How to handle large variable

  • Thread starter Shashidhar Vajramatti
  • Start date
S

Shashidhar Vajramatti

Hello,
As listed below in the snippet of code, I am trying to handle a
file's contents by copying in to a single variable. It works fine for the
files of lesser size( few MegaBytes). But when the size of the file is more
than 16MB, it gives me an error message saying "System out of memory".

But perl doesnot have any limits to the size of the variable. Then, what
can be the reason for this problem?

Following is the code which is used to handle the file contents through a
single variable using regular expressions.

#$file = join '',<IN>;

@file = <IN>;



Error Message: "System Out of Memory"
 
P

Paul Lalli

Shashidhar Vajramatti said:
Hello,
As listed below in the snippet of code, I am trying to handle a
file's contents by copying in to a single variable. It works fine for the
files of lesser size( few MegaBytes). But when the size of the file is more
than 16MB, it gives me an error message saying "System out of memory".

But perl doesnot have any limits to the size of the variable.

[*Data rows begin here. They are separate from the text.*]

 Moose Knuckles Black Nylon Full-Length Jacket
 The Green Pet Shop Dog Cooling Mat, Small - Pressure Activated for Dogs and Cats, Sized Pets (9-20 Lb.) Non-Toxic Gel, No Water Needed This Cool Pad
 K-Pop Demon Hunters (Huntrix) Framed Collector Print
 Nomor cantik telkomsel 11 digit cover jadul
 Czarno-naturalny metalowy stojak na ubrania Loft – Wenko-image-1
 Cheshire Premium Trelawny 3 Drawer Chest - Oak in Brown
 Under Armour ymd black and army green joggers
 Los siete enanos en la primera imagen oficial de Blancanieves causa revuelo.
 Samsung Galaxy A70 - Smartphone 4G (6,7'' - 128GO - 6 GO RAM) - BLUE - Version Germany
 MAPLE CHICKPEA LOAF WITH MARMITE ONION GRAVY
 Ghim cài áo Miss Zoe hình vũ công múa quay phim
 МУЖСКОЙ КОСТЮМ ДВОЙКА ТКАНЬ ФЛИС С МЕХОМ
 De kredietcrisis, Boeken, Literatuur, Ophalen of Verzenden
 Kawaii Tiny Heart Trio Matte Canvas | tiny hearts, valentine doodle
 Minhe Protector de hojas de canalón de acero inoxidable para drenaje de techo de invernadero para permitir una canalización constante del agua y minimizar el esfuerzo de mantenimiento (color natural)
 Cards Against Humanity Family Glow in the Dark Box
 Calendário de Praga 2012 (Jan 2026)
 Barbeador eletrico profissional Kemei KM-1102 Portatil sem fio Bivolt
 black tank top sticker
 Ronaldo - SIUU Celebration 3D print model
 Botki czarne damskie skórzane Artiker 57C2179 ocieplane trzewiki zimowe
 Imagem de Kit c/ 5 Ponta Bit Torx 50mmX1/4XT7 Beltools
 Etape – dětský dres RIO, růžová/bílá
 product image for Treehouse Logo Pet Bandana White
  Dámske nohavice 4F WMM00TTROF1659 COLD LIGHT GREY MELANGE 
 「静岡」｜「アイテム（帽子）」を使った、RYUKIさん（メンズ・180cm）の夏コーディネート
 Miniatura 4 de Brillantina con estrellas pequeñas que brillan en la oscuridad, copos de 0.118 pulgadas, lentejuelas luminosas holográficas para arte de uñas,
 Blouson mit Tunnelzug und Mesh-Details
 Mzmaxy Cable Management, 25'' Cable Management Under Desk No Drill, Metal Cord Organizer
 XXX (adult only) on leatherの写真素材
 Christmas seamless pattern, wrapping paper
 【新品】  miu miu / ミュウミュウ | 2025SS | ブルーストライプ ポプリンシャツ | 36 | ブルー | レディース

Then, what
can be the reason for this problem?

Exactly what the error message says: your system is out of memory.
Perl's only limitations (memory-wise) are your systems limitations.
You're trying to store an absurd amount of data in active memory.

What makes you believe you have a need to do this? Perhaps if you tell
us you're actual goal, rather than your proposed solution to your goal,
we can help you find a better way.
Following is the code which is used to handle the file contents through a
single variable using regular expressions.

#$file = join '',<IN>;

@file = <IN>;

There are no regular expressions in that snippet. Show us a *short but
complete* program that demonstrates what you're trying to do.

Paul Lalli
 
A

Arndt Jonasson

Shashidhar Vajramatti said:
As listed below in the snippet of code, I am trying to handle a
file's contents by copying in to a single variable. It works fine for the
files of lesser size( few MegaBytes). But when the size of the file is more
than 16MB, it gives me an error message saying "System out of memory".

But perl doesnot have any limits to the size of the variable. Then, what
can be the reason for this problem?

Following is the code which is used to handle the file contents through a
single variable using regular expressions.

#$file = join '',<IN>;

@file = <IN>;

Error Message: "System Out of Memory"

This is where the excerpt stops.